• [WORK INSTRUCTION]:
Pictures must not appear; the answer is exactly the lines from the one that holds "Polar Default Zip Hoodie" through the end of the material.

• [INFORMATION]:
◇ ◇ ◇ ◇ ◇

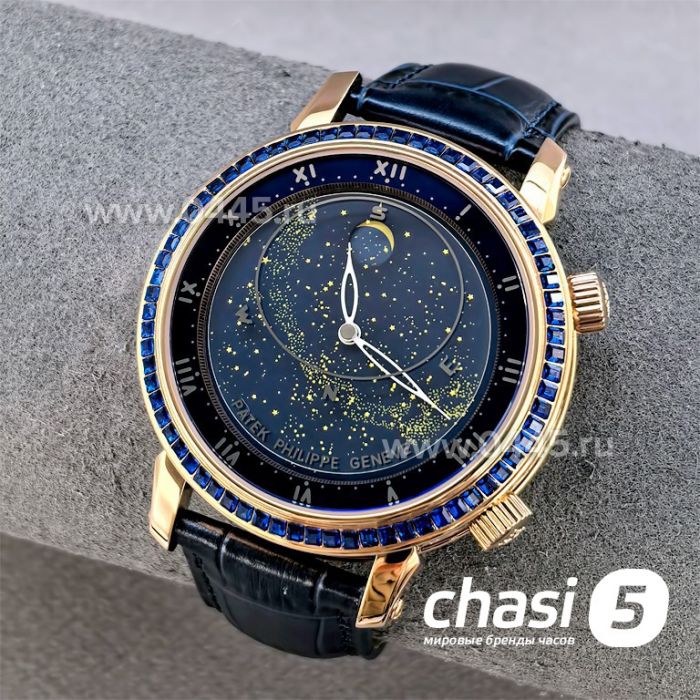 Часы Patek Philippe Men Grand Complications Sky Moon (25519)
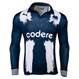 CF Monterrey 25/26 Men's Home 80 Anniversary Long Sleeve Shirt
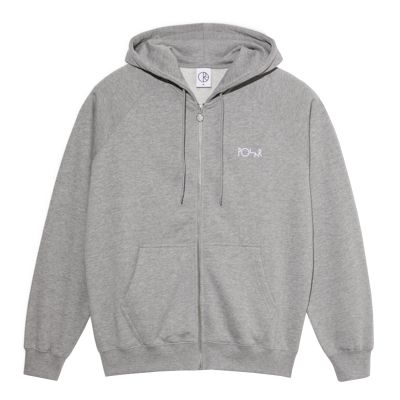 Polar Default Zip Hoodie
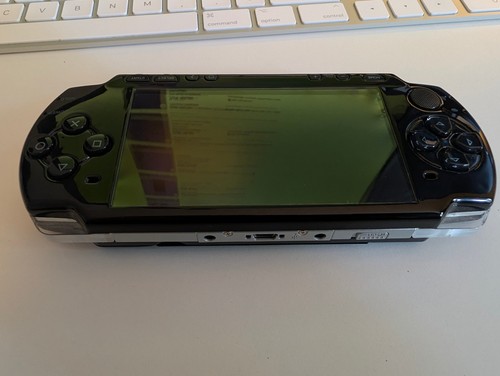 Sony psp 1004 mit games - 1004,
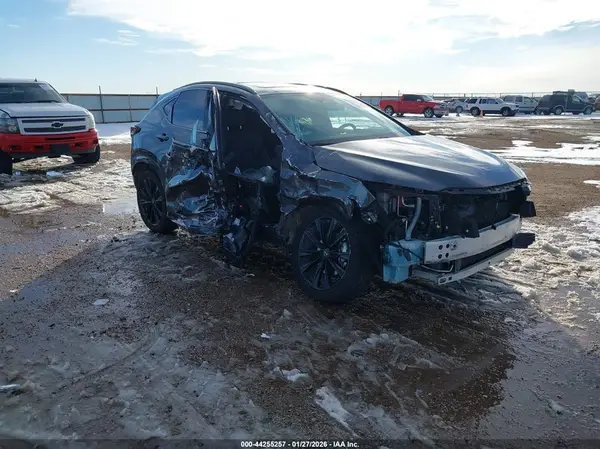 2T2KGCEZXRC037472 2024 LEXUS NX - Image 1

◇ ◇ ◇ ◇ ◇

• [FINISHED EXERCISE]:
 Polar Default Zip Hoodie
 Sony psp 1004 mit games - 1004,
 2T2KGCEZXRC037472 2024 LEXUS NX - Image 1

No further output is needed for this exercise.